● Task instructions:
From the records below, transcribe exactly the lines that begin at the line with "Бусина из жемчуга, 5х4-10х6мм, рис, черный" and end at the line with "Портфель BUGATTI Romano", both included.

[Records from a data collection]
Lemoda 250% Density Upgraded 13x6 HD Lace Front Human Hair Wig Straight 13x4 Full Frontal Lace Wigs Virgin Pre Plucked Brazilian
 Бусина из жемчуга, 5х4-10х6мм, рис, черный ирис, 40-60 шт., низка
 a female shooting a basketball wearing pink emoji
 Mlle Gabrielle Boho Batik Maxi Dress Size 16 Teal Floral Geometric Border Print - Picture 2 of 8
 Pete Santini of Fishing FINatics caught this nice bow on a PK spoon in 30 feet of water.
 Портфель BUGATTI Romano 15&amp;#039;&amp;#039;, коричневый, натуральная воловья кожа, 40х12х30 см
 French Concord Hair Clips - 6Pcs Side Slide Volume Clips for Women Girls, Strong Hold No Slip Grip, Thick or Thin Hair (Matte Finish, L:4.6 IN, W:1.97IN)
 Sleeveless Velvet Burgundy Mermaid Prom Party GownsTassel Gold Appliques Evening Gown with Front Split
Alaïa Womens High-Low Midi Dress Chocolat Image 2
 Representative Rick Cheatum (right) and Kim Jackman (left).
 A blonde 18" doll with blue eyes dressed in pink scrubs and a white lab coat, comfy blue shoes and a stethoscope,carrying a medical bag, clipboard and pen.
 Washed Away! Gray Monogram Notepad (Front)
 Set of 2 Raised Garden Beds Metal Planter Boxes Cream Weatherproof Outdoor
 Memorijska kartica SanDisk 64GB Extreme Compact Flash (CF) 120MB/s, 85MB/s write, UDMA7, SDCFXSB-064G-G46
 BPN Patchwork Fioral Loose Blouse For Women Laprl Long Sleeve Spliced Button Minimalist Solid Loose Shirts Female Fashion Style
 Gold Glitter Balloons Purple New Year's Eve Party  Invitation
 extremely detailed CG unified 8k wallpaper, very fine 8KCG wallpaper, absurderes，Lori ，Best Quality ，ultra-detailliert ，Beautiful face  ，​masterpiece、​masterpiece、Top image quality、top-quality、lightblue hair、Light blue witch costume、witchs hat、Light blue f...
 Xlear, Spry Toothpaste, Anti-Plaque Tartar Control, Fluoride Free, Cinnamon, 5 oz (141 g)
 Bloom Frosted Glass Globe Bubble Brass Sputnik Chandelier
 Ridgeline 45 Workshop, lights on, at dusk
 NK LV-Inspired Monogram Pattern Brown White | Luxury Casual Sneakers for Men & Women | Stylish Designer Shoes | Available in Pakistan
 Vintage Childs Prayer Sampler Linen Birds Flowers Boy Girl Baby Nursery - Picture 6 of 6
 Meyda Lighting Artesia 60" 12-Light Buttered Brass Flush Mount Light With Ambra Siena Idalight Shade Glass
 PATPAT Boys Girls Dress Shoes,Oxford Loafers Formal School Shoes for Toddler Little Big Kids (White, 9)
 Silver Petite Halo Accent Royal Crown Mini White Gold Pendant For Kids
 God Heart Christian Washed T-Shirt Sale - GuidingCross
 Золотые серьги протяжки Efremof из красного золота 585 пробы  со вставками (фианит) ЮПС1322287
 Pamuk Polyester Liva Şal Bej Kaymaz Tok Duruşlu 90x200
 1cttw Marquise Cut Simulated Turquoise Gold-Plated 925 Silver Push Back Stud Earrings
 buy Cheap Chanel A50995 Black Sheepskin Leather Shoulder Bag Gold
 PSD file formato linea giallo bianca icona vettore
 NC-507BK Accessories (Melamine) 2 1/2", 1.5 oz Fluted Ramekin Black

● Answer space:
 Бусина из жемчуга, 5х4-10х6мм, рис, черный ирис, 40-60 шт., низка
 a female shooting a basketball wearing pink emoji
 Mlle Gabrielle Boho Batik Maxi Dress Size 16 Teal Floral Geometric Border Print - Picture 2 of 8
 Pete Santini of Fishing FINatics caught this nice bow on a PK spoon in 30 feet of water.
 Портфель BUGATTI Romano 15&amp;#039;&amp;#039;, коричневый, натуральная воловья кожа, 40х12х30 см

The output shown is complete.